Postgres-style example:

CREATE INDEX idx_orders_customer_created
  ON orders(customer_id, created_at DESC)
  INCLUDE (order_id);

4) Partial indexes (when you query a subset a lot)

If most queries focus on “active” records:

SELECT *
FROM users
WHERE is_active = true
  AND email = 'a@b.com';

A partial index can be smaller and faster:

CREATE INDEX idx_users_active_email
  ON users(email)
  WHERE is_active = true;

Partial indexes are especially powerful when the predicate matches a frequent access pattern.

Indexes for joins

Joins are often where performance problems show up.

If you join on orders.customer_id = customers.id, the common rule is:

  • Ensure the join keys are indexed (often primary key on one side, foreign key index on the other).

Example:

CREATE INDEX idx_orders_customer_id ON orders(customer_id);

Why indexes slow down writes

Every additional index is another structure the database must maintain:

  • Insert row → insert index entries
  • Update indexed column → update index entry (may cause page splits)
  • Delete row → remove index entry

This is why “index everything” is rarely the right answer. Indexes are a trade-off.

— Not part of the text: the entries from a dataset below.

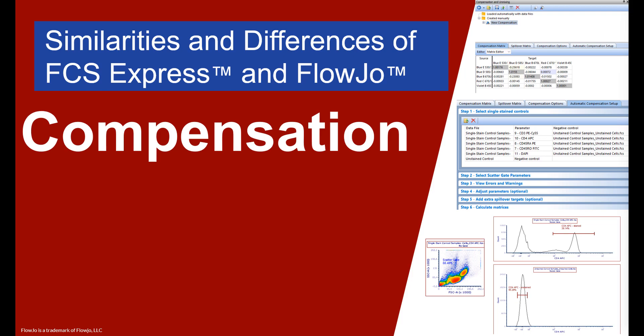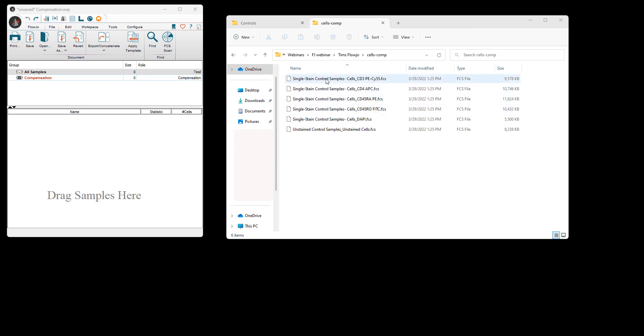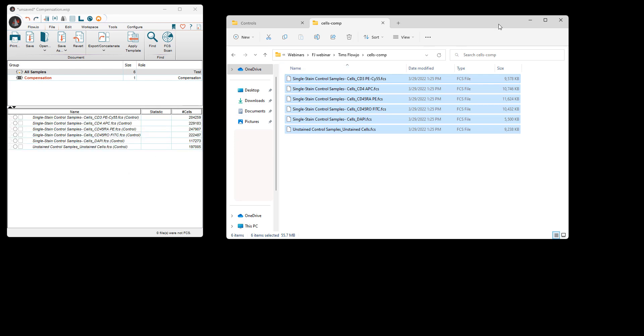Let's first start with loading data. With FlowJo, you start with the workspace and then drag your files into the workspace window. You'll notice that in the group area there is a category called Compensation. This category only has one file — a universal control file. Since not all of the controls are in the compensation group, we will drag the additional single stained controls from the All Sample group to the Compensation group. Once we have all of our controls in the compensation group, we will select the Compensation Wizard icon to open the wizard.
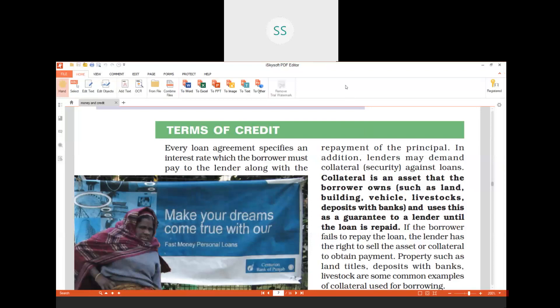Collateral is a security which the lender demands. For example, if I am giving a loan of 10 lakh rupees to somebody, I will take a security against this loan. Security can be anything belonging to the borrower — land, a building, a vehicle, livestock, or even a deposit with a bank. If the borrower has a deposit in a bank, that can also act as collateral. Collateral is very important because without it, nobody will give you a large loan.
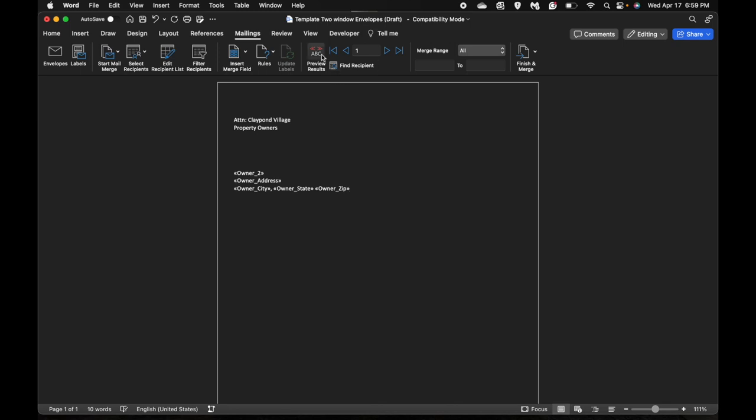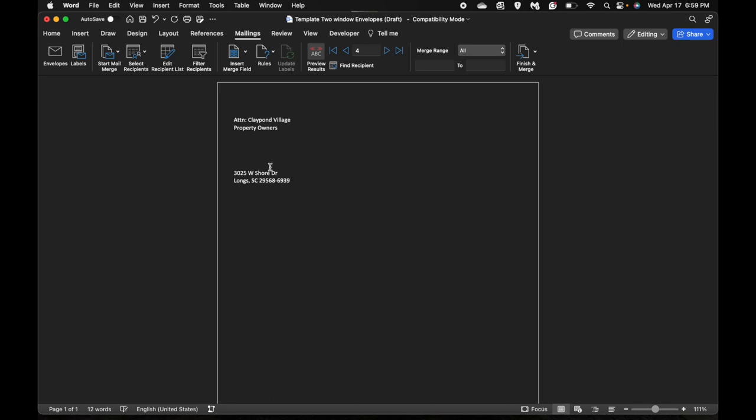You will want to go to the top and click preview results, just to make sure everything looks good. You will want to go here and click on a few. If you have a few pages with no names at the top that is fine as long as there is an address.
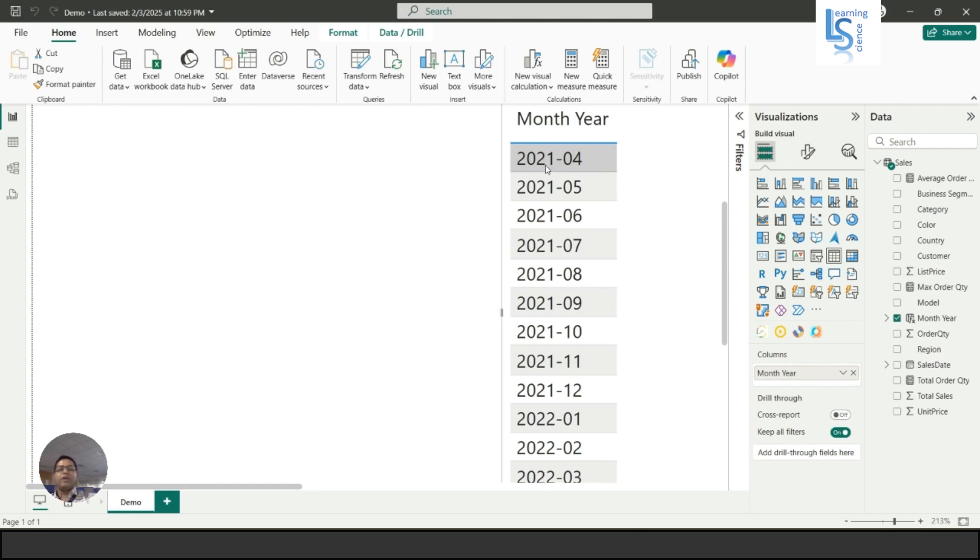Using this, you can customize your date format depending on your requirement. That's all for this video, and I request you to please subscribe to my channel. Thank you for watching.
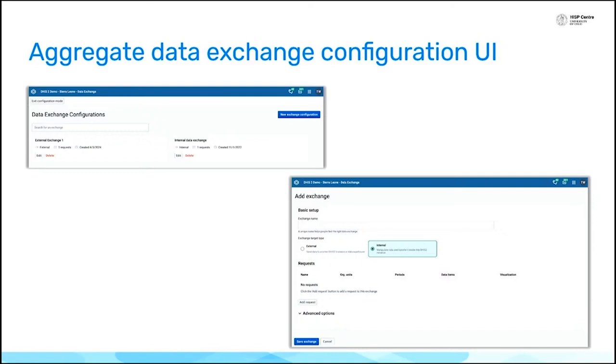So the Aggregate Data Exchange app allows you to transfer data between DHIS2 instances, but also to transform data from tracker to aggregate. So if you set up program indicators that you'd like to transform that data into aggregate data elements, the Aggregate Data Exchange app allows you to do that.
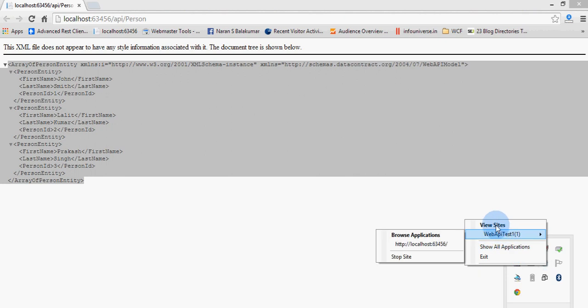I can see all the websites which are hosted in IIS Express. My Web API is one of them. So this way we can host our ASP.NET Web API in IIS as well as IIS Express.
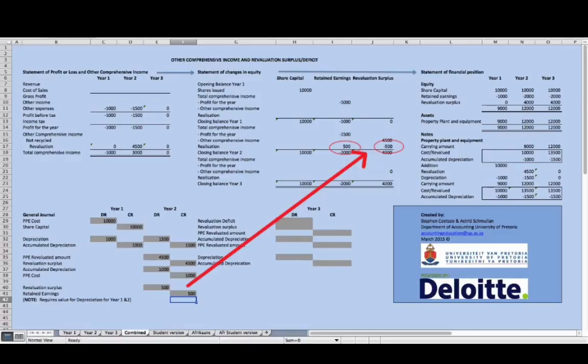You may be wondering why this realization is not considered a movement in other comprehensive income. As stated at the start of this video, there is no underlying concept for other comprehensive income — this is a rule made at the standard level under IAS 16.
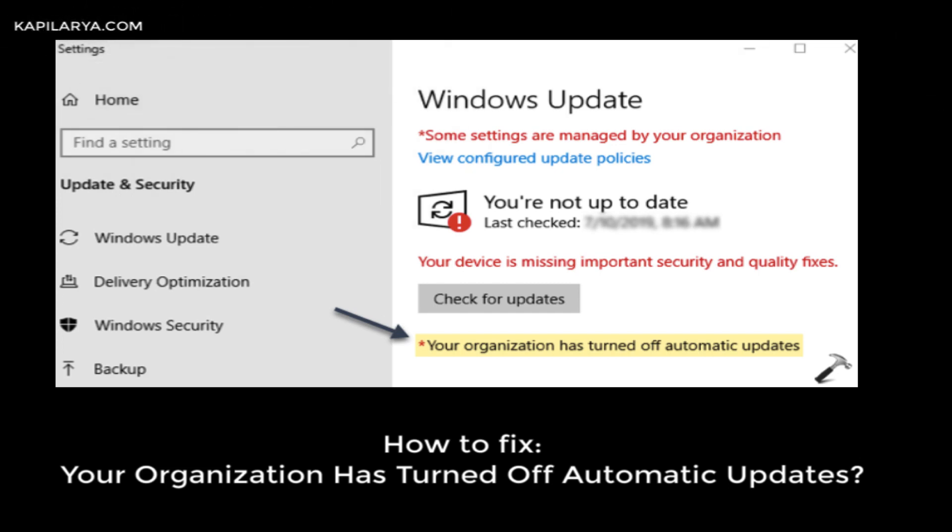Hello everyone, welcome to my YouTube channel. In this video we will be seeing if you have a message called 'Your organization has turned off automatic updates.' We will see how to fix this message.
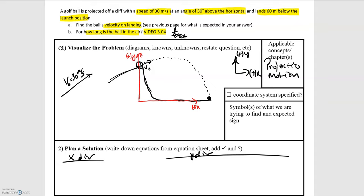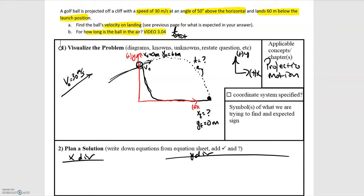Now after defining this coordinate system we can start filling in some of our initial values. The initial position of the golf ball is going to be x0 equals 0 meters and y0 equals 60 meters, because that's how tall the cliff is. Our final position will have xf unknown and a final y position of 0 meters. The acceleration in the y direction is negative 9.8 meters per second squared, assuming up to be positive.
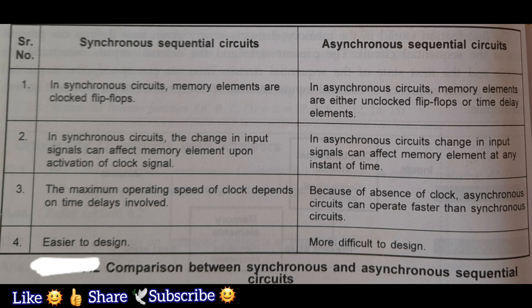Third point: the maximum operating speed of the clock depends on the time delay involved. Because of the absence of a clock, asynchronous circuits can operate faster than synchronous circuits. Synchronous sequential circuits are easier to design, and asynchronous sequential circuits are more difficult to design.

How to tell if an index is being used

Use the query planner:

  • Postgres: EXPLAIN (ANALYZE, BUFFERS) ...
  • MySQL: EXPLAIN ...
  • SQL Server: actual execution plan

In general, you’re looking for:

  • Index Seek / Index Scan instead of Sequential/Table Scan
  • Lower estimated/actual rows
  • Lower buffers/pages read

Example (Postgres):

EXPLAIN (ANALYZE, BUFFERS)
SELECT *
FROM orders
WHERE customer_id = 42
ORDER BY created_at DESC
LIMIT 50;

If you see a sequential scan on a large table for a highly selective filter, it’s a sign either:

  • The right index doesn’t exist, or
  • Statistics are stale, or
  • The filter isn’t selective enough to justify index traversal.

Common indexing mistakes

  • Indexing low-selectivity columns: e.g., status with only a few values, unless paired with a selective column or used as a partial index.
  • Wrong composite order: putting range columns first can block use of later equality conditions.
  • Too many indexes: great read performance, terrible write performance.
  • Indexing columns that change frequently: updates become expensive.
  • Assuming an index helps every query: it must match the query shape (filters, joins, sort).

A simple “index decision” checklist

  • Is the table big enough that scans are expensive?
  • Is the filter/join selective enough?
  • Does the index match the query’s filters and sort order?
  • Do we need a covering index (avoid table lookups)?
  • Are we okay paying the write cost?
  • Do we have evidence from EXPLAIN?

Final thought

Indexing is best treated as a feedback loop:

  1. Identify slow queries
  2. Read the plan
  3. Add (or adjust) one index at a time
  4. Measure again

That discipline keeps you from accumulating “mystery indexes” that nobody remembers but everyone pays for.